- Data extracted from a collection:
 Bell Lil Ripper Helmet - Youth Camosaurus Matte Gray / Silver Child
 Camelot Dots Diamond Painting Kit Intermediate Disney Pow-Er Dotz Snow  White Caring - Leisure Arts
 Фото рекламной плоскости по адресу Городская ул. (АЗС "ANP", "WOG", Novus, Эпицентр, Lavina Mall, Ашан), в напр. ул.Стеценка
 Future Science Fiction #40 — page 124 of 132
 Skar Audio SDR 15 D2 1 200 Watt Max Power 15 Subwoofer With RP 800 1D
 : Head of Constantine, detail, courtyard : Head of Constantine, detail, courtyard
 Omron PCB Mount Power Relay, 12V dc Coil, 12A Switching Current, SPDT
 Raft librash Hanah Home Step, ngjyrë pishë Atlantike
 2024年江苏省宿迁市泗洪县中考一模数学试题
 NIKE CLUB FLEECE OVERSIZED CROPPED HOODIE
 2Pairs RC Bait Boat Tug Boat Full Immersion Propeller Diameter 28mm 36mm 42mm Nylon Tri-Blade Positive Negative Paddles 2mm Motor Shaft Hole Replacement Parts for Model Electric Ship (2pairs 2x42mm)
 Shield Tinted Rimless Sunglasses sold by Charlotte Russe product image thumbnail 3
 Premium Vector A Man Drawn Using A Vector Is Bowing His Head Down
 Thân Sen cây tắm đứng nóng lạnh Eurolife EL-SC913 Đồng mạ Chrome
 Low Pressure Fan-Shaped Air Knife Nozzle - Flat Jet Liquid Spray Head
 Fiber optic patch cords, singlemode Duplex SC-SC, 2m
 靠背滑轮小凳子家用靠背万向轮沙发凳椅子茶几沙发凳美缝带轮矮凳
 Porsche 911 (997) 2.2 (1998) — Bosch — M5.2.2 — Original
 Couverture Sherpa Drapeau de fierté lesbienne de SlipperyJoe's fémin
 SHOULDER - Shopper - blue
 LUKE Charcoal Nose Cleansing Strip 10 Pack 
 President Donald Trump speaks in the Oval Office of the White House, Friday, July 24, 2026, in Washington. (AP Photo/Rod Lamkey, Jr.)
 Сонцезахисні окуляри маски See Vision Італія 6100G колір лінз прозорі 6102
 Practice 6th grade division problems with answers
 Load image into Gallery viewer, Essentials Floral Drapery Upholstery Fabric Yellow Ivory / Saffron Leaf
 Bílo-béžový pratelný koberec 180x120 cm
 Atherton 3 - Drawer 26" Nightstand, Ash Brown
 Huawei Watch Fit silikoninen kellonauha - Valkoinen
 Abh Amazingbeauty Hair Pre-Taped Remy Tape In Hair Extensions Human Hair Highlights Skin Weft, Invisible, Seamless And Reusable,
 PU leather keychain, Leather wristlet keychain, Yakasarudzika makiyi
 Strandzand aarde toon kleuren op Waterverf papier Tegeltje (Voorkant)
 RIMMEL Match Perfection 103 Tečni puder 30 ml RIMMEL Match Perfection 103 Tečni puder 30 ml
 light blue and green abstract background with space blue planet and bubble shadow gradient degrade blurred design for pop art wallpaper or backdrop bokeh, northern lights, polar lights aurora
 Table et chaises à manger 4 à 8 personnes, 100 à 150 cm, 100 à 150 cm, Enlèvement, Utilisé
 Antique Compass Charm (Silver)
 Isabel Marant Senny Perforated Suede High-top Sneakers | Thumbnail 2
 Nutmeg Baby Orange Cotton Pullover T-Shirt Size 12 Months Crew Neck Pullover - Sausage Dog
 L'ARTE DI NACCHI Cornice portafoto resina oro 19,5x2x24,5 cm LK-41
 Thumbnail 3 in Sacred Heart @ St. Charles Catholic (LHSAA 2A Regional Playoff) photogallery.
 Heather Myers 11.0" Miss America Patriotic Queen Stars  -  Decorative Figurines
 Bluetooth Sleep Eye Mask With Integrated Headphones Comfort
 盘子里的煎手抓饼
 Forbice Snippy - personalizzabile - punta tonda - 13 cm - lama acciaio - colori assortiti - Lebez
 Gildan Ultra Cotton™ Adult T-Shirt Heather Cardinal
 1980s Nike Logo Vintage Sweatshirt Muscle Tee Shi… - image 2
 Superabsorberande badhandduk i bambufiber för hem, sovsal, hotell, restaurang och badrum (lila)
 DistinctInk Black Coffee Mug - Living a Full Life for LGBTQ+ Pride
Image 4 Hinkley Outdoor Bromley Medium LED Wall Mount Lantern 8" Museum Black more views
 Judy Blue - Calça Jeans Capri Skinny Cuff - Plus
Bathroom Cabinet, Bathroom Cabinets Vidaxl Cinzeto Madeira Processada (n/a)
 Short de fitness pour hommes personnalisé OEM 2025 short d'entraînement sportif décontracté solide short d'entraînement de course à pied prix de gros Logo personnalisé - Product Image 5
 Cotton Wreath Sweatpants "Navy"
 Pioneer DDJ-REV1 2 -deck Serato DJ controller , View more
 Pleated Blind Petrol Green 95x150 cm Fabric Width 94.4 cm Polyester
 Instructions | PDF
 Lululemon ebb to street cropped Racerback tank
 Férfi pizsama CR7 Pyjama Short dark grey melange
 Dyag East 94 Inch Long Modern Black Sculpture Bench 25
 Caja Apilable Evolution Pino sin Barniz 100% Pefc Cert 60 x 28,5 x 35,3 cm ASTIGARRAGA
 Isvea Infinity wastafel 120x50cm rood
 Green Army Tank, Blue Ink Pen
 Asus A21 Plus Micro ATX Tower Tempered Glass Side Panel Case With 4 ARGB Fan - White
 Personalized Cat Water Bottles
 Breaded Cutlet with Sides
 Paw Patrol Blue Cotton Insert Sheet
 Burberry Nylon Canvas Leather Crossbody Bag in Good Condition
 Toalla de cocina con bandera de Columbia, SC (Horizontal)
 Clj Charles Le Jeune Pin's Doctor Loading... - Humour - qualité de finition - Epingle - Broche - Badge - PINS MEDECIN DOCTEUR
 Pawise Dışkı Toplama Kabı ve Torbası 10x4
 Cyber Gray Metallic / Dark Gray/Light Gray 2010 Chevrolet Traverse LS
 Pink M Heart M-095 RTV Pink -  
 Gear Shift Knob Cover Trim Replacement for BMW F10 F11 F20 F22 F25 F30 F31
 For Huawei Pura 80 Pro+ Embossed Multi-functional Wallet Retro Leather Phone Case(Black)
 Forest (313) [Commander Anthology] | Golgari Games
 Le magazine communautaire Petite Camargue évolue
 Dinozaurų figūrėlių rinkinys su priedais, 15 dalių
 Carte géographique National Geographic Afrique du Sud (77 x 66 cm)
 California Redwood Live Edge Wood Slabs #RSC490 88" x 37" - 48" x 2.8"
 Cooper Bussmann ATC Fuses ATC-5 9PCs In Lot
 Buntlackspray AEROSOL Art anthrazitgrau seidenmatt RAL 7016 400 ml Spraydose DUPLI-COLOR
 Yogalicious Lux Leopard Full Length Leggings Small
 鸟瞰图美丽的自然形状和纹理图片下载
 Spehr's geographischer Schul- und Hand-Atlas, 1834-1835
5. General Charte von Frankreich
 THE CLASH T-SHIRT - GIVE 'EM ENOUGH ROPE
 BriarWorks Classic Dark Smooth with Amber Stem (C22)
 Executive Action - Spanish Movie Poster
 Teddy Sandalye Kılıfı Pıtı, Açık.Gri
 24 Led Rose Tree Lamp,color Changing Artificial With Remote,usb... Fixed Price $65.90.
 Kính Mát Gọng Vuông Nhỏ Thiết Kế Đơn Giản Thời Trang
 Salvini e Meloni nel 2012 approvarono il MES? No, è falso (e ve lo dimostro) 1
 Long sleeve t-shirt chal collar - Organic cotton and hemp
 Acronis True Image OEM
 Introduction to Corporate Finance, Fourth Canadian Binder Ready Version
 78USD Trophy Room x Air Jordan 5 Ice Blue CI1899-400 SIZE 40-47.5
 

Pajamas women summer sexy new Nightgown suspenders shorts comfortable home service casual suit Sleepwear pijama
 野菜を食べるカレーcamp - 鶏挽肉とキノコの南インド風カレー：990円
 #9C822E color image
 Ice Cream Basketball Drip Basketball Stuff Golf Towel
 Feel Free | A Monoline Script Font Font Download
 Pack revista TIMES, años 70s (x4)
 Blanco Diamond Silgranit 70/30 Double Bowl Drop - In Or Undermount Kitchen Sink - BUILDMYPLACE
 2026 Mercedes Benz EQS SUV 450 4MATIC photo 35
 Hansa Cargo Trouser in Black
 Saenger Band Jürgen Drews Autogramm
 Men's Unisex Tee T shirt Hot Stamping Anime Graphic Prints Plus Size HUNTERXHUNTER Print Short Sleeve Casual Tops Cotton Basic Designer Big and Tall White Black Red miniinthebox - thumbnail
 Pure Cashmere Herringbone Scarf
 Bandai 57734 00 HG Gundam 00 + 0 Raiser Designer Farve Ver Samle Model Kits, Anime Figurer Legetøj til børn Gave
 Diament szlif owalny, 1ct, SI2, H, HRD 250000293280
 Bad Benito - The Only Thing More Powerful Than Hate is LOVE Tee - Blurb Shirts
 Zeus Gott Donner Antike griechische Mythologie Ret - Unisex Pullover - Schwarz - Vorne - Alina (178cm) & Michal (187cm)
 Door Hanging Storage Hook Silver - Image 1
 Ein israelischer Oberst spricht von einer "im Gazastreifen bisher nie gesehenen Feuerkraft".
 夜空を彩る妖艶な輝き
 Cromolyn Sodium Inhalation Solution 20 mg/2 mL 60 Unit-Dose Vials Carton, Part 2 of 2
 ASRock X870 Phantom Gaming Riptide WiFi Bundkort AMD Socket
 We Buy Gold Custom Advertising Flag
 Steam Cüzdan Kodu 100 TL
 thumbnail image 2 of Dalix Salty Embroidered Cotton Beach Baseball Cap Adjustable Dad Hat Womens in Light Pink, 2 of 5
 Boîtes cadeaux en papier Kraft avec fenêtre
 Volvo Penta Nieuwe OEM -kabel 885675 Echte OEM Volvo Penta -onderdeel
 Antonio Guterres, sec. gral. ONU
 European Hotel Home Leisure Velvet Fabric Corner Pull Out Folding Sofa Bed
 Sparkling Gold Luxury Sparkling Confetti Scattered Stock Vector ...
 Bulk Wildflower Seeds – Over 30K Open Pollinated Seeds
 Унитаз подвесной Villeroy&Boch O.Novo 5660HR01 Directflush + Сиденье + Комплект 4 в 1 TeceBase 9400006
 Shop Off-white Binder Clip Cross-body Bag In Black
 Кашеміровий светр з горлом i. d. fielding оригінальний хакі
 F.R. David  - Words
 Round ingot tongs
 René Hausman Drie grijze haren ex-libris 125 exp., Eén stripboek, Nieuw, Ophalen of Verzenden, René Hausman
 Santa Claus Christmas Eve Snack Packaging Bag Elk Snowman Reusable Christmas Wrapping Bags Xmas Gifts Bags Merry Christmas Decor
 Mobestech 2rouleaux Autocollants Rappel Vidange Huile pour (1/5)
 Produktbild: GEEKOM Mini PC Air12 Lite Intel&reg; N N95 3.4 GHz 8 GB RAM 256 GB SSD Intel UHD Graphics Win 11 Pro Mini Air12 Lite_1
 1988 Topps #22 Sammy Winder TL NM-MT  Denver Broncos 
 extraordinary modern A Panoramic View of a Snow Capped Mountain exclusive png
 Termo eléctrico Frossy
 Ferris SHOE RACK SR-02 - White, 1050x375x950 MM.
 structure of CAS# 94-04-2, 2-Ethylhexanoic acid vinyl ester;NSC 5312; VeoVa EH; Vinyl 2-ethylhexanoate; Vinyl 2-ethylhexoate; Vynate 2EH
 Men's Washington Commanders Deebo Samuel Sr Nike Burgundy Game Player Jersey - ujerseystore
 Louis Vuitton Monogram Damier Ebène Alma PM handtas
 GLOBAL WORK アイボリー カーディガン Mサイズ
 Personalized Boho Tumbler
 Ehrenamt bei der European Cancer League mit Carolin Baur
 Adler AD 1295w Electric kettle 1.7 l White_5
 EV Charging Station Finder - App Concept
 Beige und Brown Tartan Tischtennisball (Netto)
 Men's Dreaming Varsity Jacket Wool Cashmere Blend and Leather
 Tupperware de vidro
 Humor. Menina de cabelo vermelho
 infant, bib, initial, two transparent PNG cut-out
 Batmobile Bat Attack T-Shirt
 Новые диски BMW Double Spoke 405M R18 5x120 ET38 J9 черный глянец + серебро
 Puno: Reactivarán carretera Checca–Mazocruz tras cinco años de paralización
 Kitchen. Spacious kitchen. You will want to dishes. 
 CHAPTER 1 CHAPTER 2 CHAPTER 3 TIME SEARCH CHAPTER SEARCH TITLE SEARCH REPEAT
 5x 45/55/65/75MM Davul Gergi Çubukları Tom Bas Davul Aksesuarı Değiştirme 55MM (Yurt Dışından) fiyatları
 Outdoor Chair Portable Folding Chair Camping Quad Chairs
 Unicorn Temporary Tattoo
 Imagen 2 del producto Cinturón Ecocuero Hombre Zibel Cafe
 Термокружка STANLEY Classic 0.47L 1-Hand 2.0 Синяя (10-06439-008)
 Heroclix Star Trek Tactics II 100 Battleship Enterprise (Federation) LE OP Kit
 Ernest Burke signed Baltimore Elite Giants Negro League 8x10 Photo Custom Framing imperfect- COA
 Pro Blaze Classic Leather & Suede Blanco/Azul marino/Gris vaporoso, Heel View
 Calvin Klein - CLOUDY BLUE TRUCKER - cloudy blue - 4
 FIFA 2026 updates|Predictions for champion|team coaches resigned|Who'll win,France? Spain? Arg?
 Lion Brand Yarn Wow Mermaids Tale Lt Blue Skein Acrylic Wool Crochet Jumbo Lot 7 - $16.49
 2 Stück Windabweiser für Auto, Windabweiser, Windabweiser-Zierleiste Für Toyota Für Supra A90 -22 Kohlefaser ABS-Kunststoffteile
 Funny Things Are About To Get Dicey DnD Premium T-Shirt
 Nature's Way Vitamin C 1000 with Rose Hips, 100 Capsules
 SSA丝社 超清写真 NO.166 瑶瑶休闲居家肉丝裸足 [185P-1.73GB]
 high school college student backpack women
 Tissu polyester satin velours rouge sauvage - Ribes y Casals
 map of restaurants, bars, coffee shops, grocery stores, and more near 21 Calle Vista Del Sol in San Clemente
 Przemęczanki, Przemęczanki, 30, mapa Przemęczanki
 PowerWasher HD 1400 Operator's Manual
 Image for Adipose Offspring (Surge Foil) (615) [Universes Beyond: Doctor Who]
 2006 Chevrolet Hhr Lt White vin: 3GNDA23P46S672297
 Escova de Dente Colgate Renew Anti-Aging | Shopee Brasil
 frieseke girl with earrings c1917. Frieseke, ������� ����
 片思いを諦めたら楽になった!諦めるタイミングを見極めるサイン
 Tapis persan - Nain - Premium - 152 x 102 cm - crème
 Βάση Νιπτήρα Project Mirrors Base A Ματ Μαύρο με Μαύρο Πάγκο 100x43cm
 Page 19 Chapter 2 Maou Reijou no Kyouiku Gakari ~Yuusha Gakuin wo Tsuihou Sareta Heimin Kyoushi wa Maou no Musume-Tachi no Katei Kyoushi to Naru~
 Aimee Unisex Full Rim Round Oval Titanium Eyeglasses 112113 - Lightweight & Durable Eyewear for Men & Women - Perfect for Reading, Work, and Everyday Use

- PROBLEM DESCRIPTION: Go to the line with "Термокружка STANLEY Classic" in the entries above and repeat every line from there through the line with "Ernest Burke signed", exactly and with no other text.

- WORKED SOLUTION:
 Термокружка STANLEY Classic 0.47L 1-Hand 2.0 Синяя (10-06439-008)
 Heroclix Star Trek Tactics II 100 Battleship Enterprise (Federation) LE OP Kit
 Ernest Burke signed Baltimore Elite Giants Negro League 8x10 Photo Custom Framing imperfect- COA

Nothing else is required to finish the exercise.